Do you understand how counter to popular religion – even popular Christianity – this is?  Almost all of us have been taught to believe a form of Christianity that says God helps those who help themselves, that if you are prosperous and successful you are in God’s favor, that if you are sinful or poor or a loser or gay God hates you.  As we see in Jesus’ Sermon on the Mount, nothing could be further from the truth.  If anything, such people are God’s “special” people, those whom God favors.

        Maybe our problem is that – really – we are far less eager to be blessed than God is to bless us. Maybe we have a hard time believing God wants to bless us. Maybe our picture of God is distorted, and that – as many of us were taught – we can only imagine God as a stern, demanding law-giver, so it seems out of character for God to bless indiscriminately, as Jesus does in the Sermon on the Mount.

        Or maybe it’s not that we don’t know God, maybe it’s that we know ourselves too well to feel worthy of God’s grace. Knowing our weaknesses and limitations, our faults and failures, we find it hard to believe that God could love us unconditionally. We’re used to paying for our mistakes, paying our own way, toeing the line and reaping the consequences when we don’t, and so we find it not only unexpected, but downright unsettling, almost inconceivable to imagine that God behaves differently, showering us with blessing apart from anything we have done, earned, or deserve. But the message of the Beatitudes is, “Blessed are you”, even at those times of our lives when we may feel least blest.

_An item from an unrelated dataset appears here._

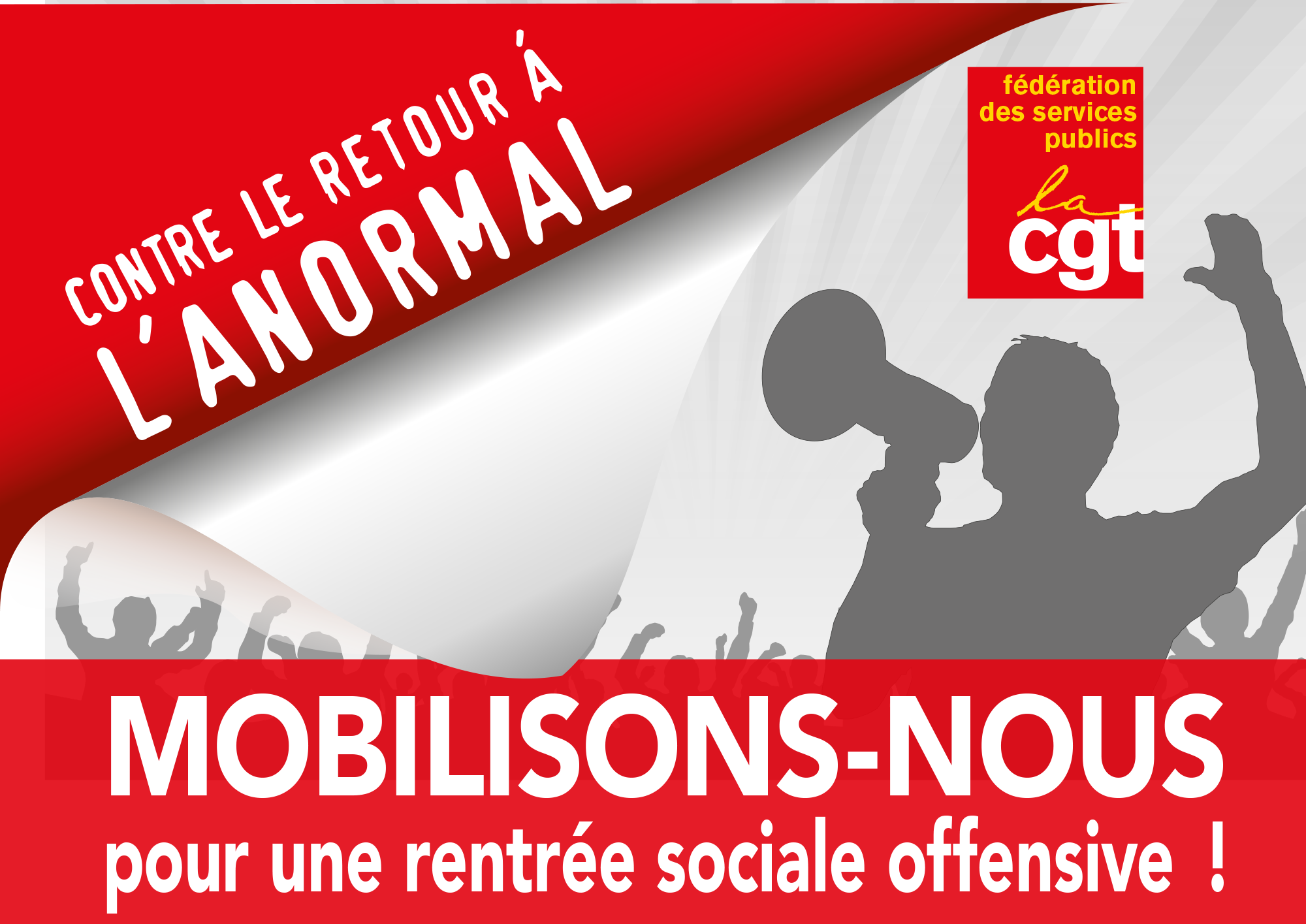 Contre le retour à l'anormal !   27/08/20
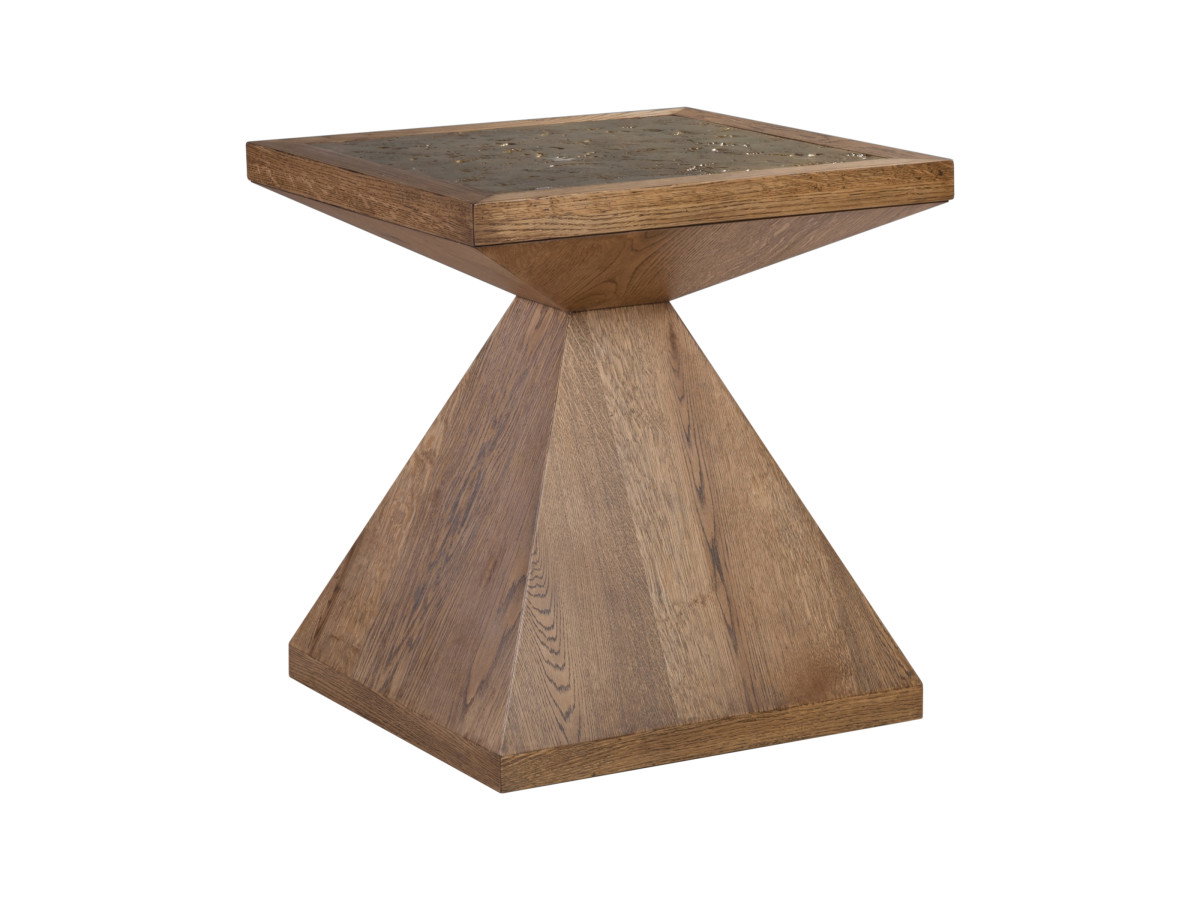 Artistica 2380-957 Barnaby Square End Table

        In the Beatitudes, Jesus invites us to imagine a different community, different practices, and a different way of life, one that embodies God’s saving presence in the world, as manifested by Jesus.  He does so not because it is impossible, or escapist, or fantastic, but because by so doing, we counteract the lies of popular culture, and we faithfully enact and embody God’s purposes, the kingdom of God on earth.

        Back in October, I went to a continuing education event where Rev. Dr. Jacqui Lewis, Pastor of Middle Collegiate Church in New York City, was the leader. Middle Collegiate Church is described as a celebrating, culturally diverse, inclusive and growing community of faith where all persons are welcomed just as they are as they come through the door.  

        I appreciated what she had to say.  She said there are two stories in the world; one is the story “out there.”  We know that story, it’s often a story of hatred and racism and violence. But there is another story in the world, God’s story, and that’s the one we want to see when we come to church. We want to see it embodied in the people in the pews and the people on the altar, in the banners on the wall and the music we sing; in the preaching from the pulpit and as we gather around the table. It’s the story of God’s love and blessing and favor, the story we hear this morning from Jesus’ Sermon on the Mount.

        Do you know the origin of saying “God Bless You” when someone sneezes?” One explanation is that in the middle ages when someone sneezed you said “God bless you,” fearing that their sneeze was the first symptom of the plague. That is, this mantra we repeat so often, was developed as a way to ward off the fear of evil, disease, and death.

        Perhaps, in light of what we learned today, we can reclaim these three powerful words to signify not fear but joy, not disease but delight, not death but God’s new life. In so doing, just maybe we can reclaim not only the beatitudes, but an essential insight of the Christian life: that God is a God who delights in creating, blessing, and redeeming, and we are God’s beloved and blessed children. God bless you!